SUPPLIED DATA

__________________________________________________

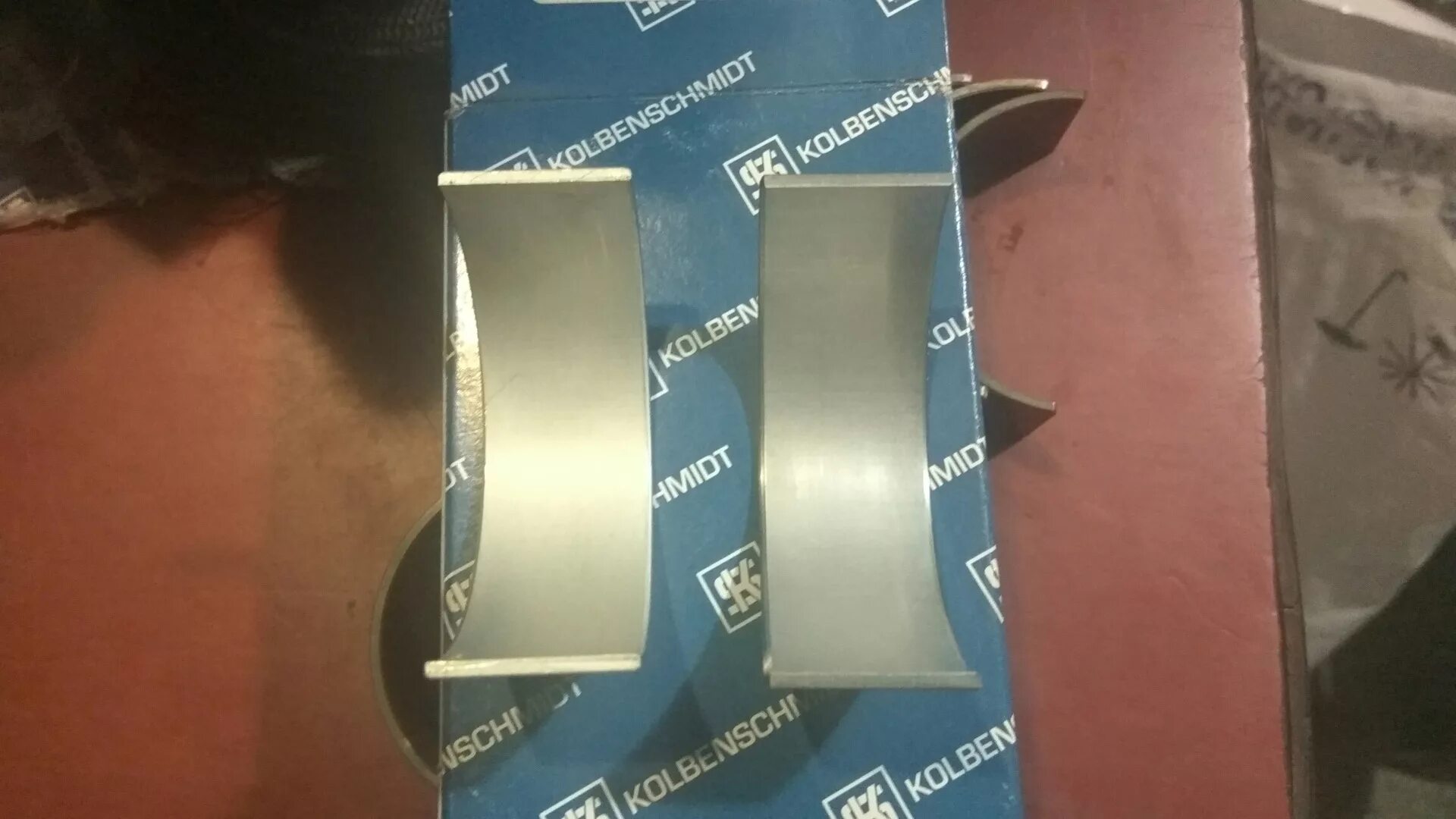 Рабочий и установочный вкладыш подшипник. Вкладыш шатуна. Шатунные вкладыши коленвала на т40 вн1. Как установить вкладыш шатунный. Шатун ваз 2106.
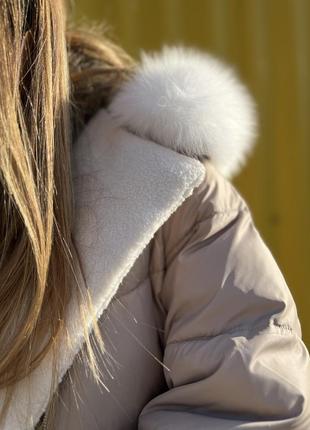 Бежева зимня куртка з хутром бренду visdeer3 фото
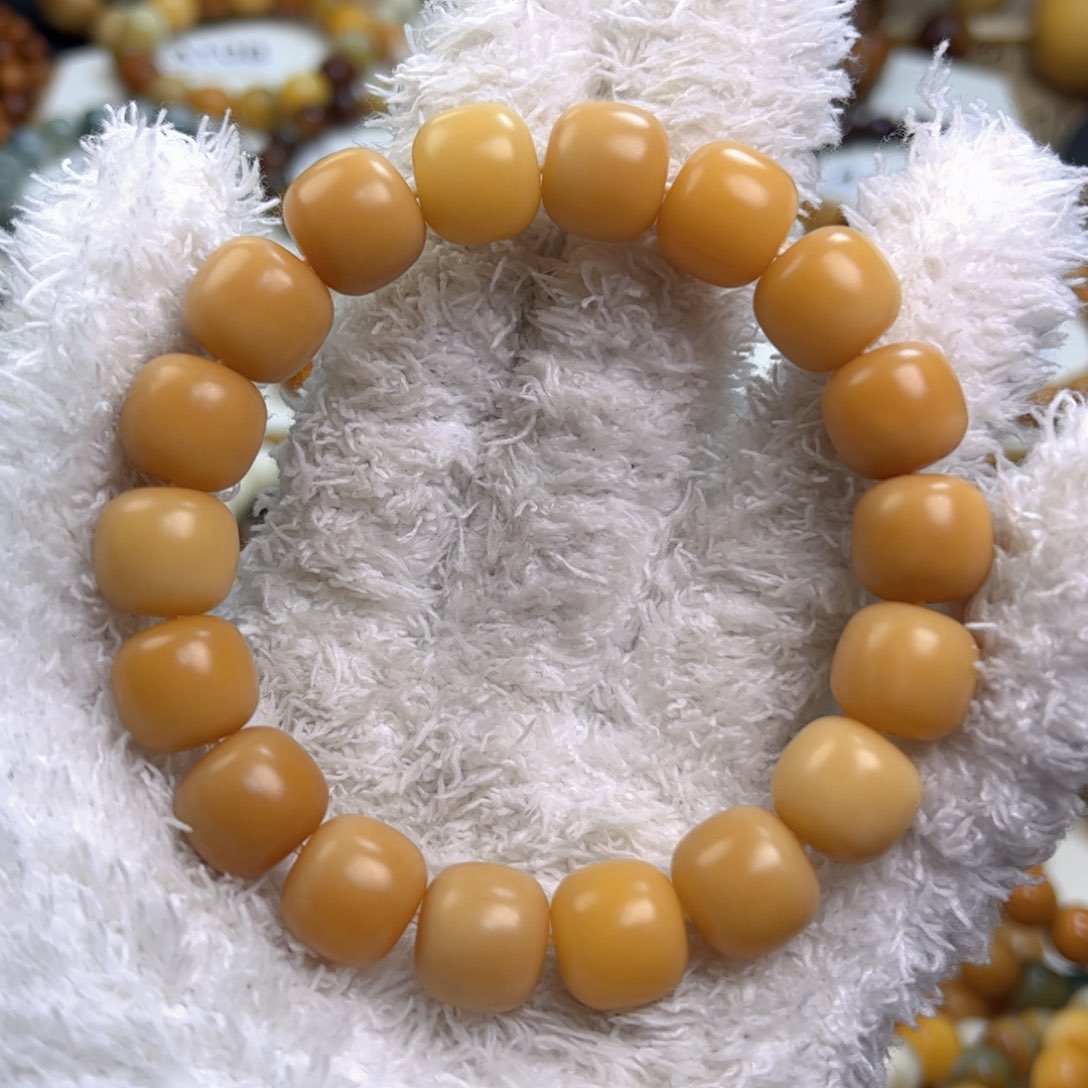 菩提根/象牙果手串干磨奶黄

__________________________________________________

PROBLEM REQUIREMENTS
Without the pictures, repeat the listing above exactly.

THE ANSWER
 Рабочий и установочный вкладыш подшипник. Вкладыш шатуна. Шатунные вкладыши коленвала на т40 вн1. Как установить вкладыш шатунный. Шатун ваз 2106.
 Бежева зимня куртка з хутром бренду visdeer3 фото
 菩提根/象牙果手串干磨奶黄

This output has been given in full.